Mais pour quoi faire ? Je suis pieds nus je te le rappelle !
Les trois statues bien sûr ! Ils montèrent dans la jeep et foncèrent en déplaçant des nuages de poussière. Lily se retourna :
Les allemands ! Ils nous suivent ! Cria-t-elle.
Prends ça, dit-il en sortant un fusil du coffre. Et vise bien !

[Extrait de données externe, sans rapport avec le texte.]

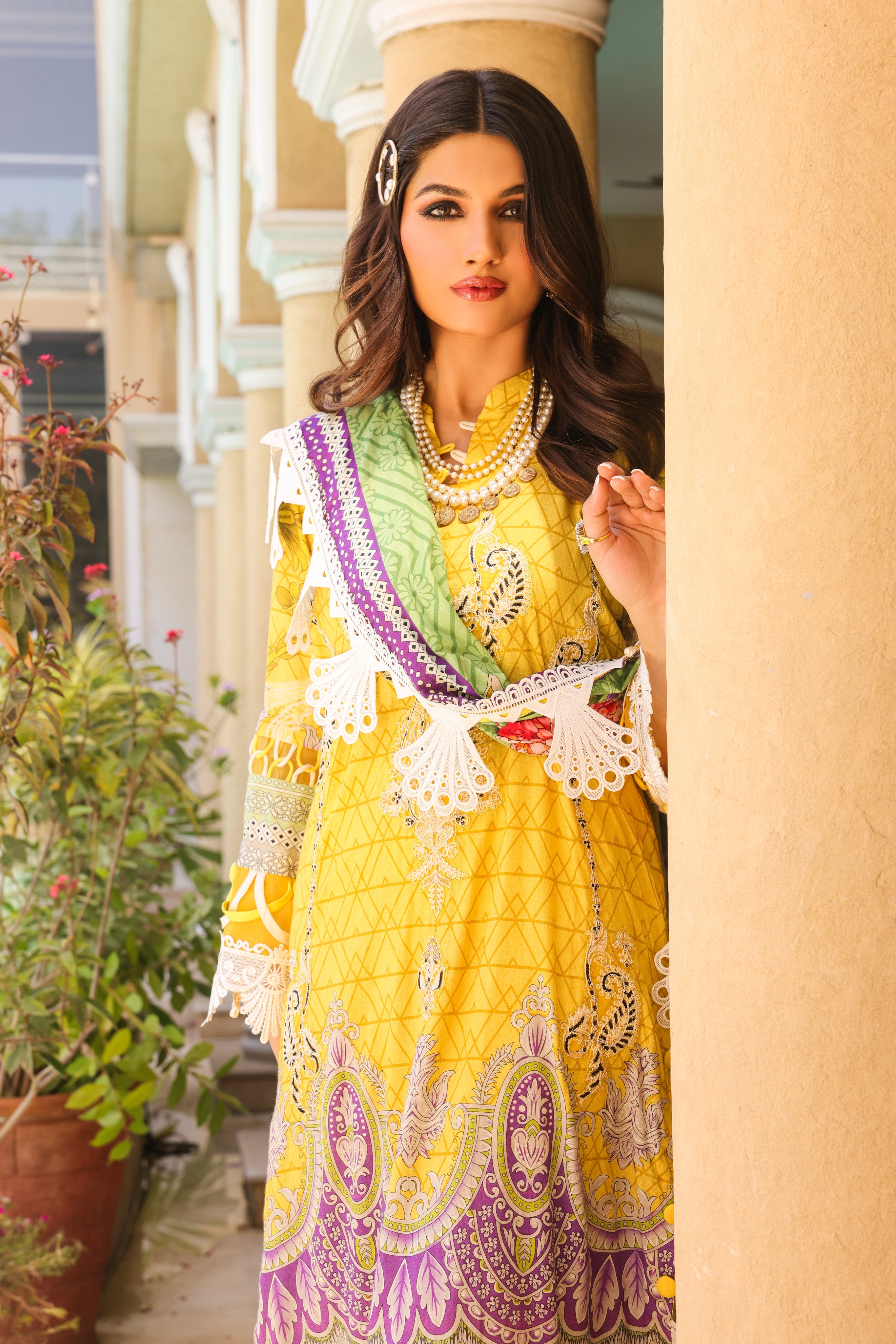 A girl is standing beside the pillar in the 3 Piece Embroidered Organza Suit of Illuminating Yellow color.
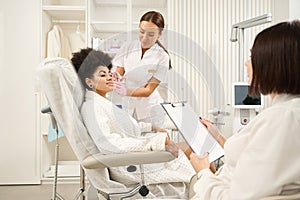 Two doctors consulting patient in beauty salon during procedure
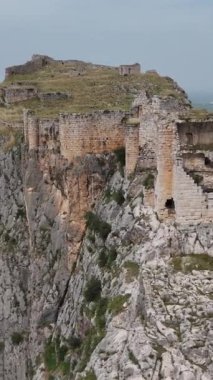 Türkiye 'nin Adana kentindeki bir dağın tepesine kurulmuş tarihi bir kale olan Anavarza Kalesi' nin çarpıcı görüntülerini kaydeden bir dron görülüyor. Karmaşık mimariyi keşfedin ve antik mühendislik becerilerine hayret edin.. 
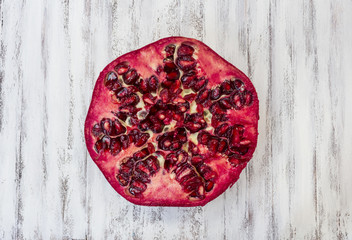 Pomegranate section overhead view on a white wooden kitchen table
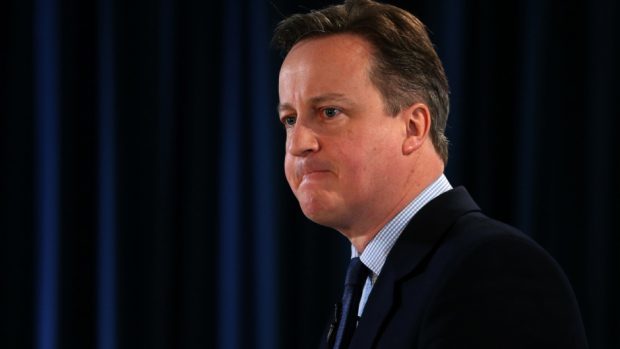 David Cameron was challenged at Prime Minister's Questions about whether he would quit in the event of an "out" vote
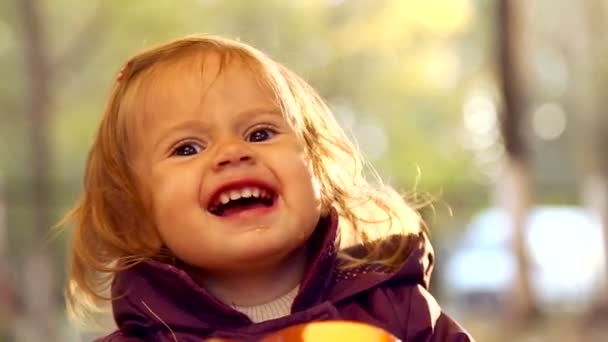 子は秋の公園でお茶を飲みます。小さな子供は、自然の中お茶を飲んでいます。少女は、感情的にマグカップとお茶を飲みます。秋のピクニック。感情の子供のクローズ アップ. — ストック動画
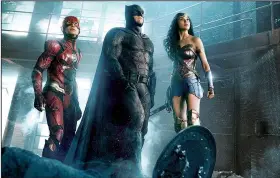  ??  ?? The Flash (Ezra Miller, from left), Batman (Ben Affleck) and Wonder Woman (Gal Gadot) star in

Mais je ne sais pas m'en servir !
Il est armé, il n'y a plus qu'à appuyer ! Lily s'exécuta.
La première voiture fit un écart dangereux et fonça s'exploser dans un rocher. Indiana avait assisté au spectacle depuis son rétroviseur.
- Bravo ! Bien visé, ma grande ! Lily rajusta son fusil et atteint en pleine tête le conducteur de la deuxième voiture, qui alla zigzaguer dans les cailloux, empêchant la dernière voiture d'avancer. Indy réussit à les semer et gara sa jeep sous les falaises, ayant emprunté un chemin escarpé pour descendre jusqu'à la mer. Un petit bateau les attendait, chargé de pièces de boeuf.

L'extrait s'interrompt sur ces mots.